_To do_. Work out how many lines in the listing below carry the word "Black". Give that number alone.

_Exercise input_.
>>>
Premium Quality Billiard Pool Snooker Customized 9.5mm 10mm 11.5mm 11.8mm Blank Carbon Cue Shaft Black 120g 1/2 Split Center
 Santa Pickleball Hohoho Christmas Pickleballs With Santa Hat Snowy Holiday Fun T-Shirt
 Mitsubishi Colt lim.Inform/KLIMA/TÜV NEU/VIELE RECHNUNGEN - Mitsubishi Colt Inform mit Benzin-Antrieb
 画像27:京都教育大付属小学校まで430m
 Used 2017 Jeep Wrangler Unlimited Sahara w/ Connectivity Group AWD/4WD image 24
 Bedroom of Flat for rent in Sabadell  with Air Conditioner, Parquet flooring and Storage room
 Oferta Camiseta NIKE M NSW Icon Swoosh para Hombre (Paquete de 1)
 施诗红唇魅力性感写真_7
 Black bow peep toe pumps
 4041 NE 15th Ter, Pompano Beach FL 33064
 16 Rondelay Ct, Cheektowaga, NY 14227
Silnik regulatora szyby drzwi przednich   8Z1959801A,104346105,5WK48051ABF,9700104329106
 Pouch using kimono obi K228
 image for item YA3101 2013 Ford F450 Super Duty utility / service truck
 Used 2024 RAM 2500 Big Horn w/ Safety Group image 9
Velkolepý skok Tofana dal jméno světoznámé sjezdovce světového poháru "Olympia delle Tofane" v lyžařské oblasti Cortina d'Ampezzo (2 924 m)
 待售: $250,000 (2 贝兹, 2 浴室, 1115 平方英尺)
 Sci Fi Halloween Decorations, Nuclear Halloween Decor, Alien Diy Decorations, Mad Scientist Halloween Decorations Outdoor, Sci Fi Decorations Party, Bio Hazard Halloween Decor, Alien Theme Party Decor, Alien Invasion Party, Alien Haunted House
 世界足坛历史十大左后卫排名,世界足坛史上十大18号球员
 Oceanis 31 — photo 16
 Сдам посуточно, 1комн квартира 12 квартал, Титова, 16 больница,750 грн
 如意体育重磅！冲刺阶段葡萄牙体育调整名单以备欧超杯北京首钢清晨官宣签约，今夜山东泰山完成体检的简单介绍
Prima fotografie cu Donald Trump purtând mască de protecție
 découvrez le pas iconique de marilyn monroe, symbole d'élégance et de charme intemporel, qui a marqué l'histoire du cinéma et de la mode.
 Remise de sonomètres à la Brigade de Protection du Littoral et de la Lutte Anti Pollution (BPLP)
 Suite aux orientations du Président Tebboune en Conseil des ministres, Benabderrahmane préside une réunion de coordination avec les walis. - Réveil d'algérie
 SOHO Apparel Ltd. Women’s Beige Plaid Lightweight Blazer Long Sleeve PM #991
<<<
_Exercise result_. 2